Tools

This page provides an overview of the supplementary tools distributed with DFAnalyzer.

dfanalyzer-recorder2parquet

The dfanalyzer-recorder2parquet tool is a command-line utility designed to convert I/O trace files generated by the Recorder tracing tool into the Apache Parquet format. This conversion is beneficial for efficient storage and subsequent analysis, as Parquet is a columnar storage format optimized for analytical workloads.

Functionality

  • Input: Takes raw trace files generated by the Recorder tool. These files typically contain detailed records of I/O operations performed by an application.

  • Processing: - Parses individual trace records, extracting information such as function

    calls (e.g., open, read, write, POSIX I/O, MPI I/O calls), timestamps, file identifiers, process/rank information, and data transfer sizes.

    • Categorizes I/O operations (e.g., read, write, metadata).

    • Extracts metadata from the input trace file paths, such as hostname, application name, and process ID.

  • Output: Generates Parquet files containing the structured I/O trace data.
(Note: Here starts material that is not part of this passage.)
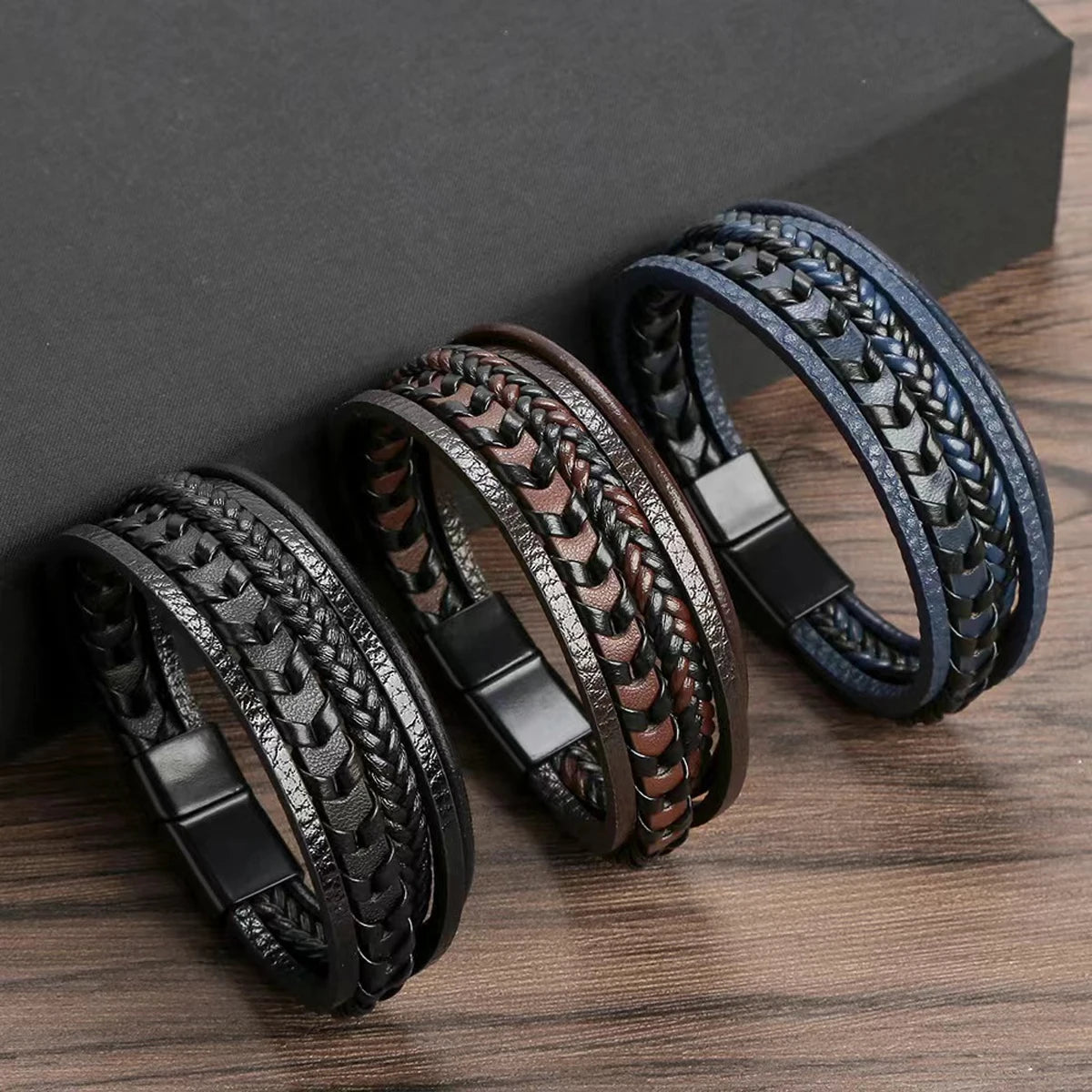 Men&#39;s Multi-Layered Vintage Leather Bracelet – Braided Rope Design with Alloy Magnetic Buckle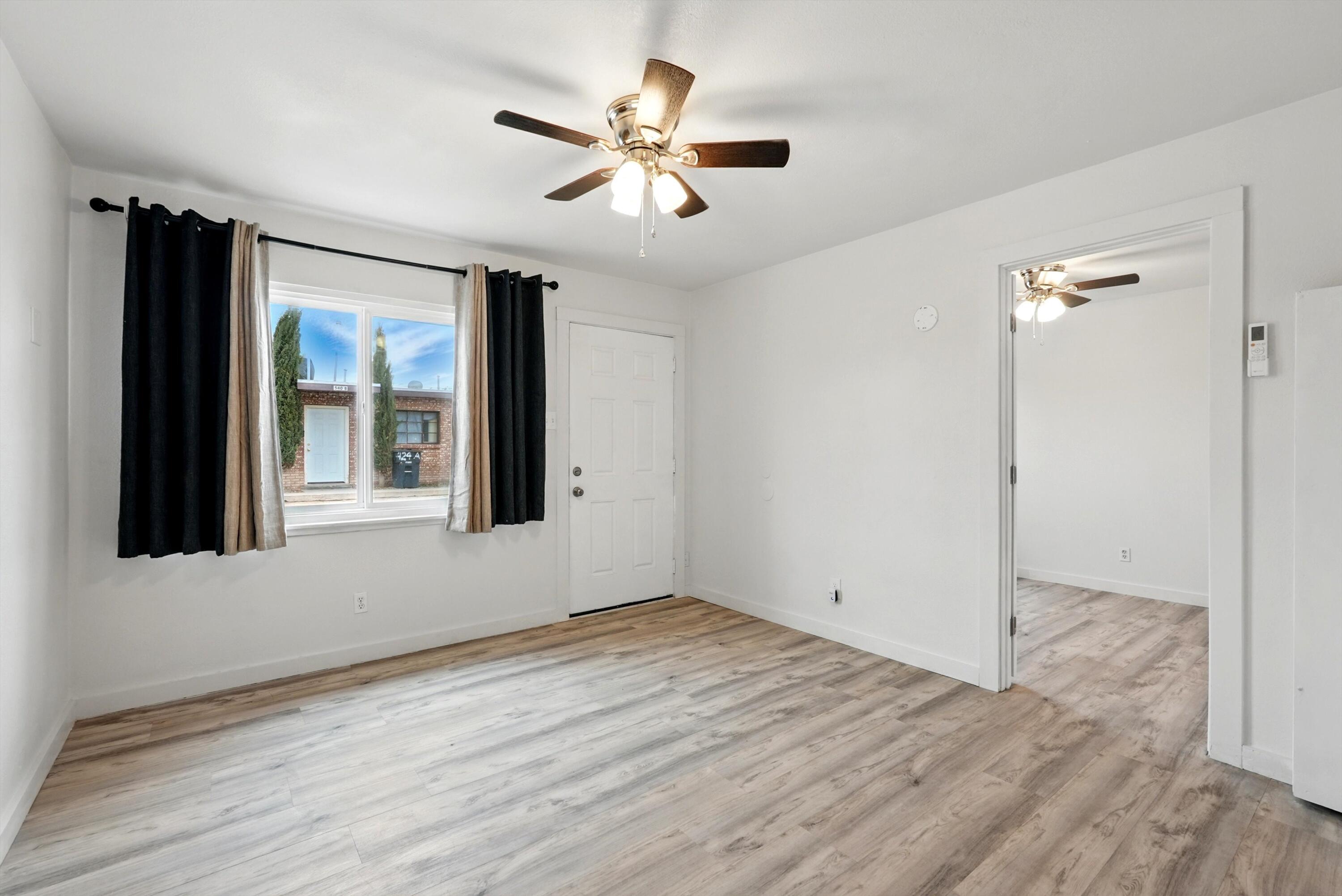 536 ALCAZAR Street SE A&B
The schema of the Parquet files includes the following fields:

    Field Name

    Data Type

    Description

    index

    Int64

    Record index

    level

    Int32

    Call stack level (if available)

    tstart

    Float32

    Start timestamp

    tmid

    Int64

    Timestamp midpoint

    tend

    Float32

    End timestamp

    duration

    Float32

    Duration of the operation

    hostname

    UTF8 String

    Hostname where the operation occurred

    app

    UTF8 String

    Application name

    rank

    Int32

    MPI rank

    proc_name

    UTF8 String

    Process name

    proc_id

    Int64

    Unique process identifier

    thread_id

    Int32

    Thread identifier

    cat

    Int32

    Operation category

    io_cat

    Int32

    I/O category (Read, Write, Metadata)

    func_id

    UTF8 String

    Function name/identifier

    acc_pat

    Int32

    Access pattern (e.g., sequential, random)

    file_id

    Int64

    Unique file identifier

    file_name

    UTF8 String

    Name of the file involved in the operation

    size

    Int64

    Size of the I/O operation (bytes)

    bandwidth

    Float32

    Calculated bandwidth for the operation

Usage

The dfanalyzer-recorder2parquet tool is typically built as part of the DFAnalyzer project, specifically within the recorder subproject. Its direct usage involves invoking the compiled executable with the path to the Recorder trace files.

mpirun -n 8 dfanalyzer-recorder2parquet <input_recorder_trace_directory>

The tool processes the traces from the specified <input_recorder_trace_directory>. It outputs one or more .parquet files into a subdirectory named _parquet, which is automatically created within the <input_recorder_trace_directory>. These resulting Parquet files can then be used as input for the DFAnalyzer recorder analyzer.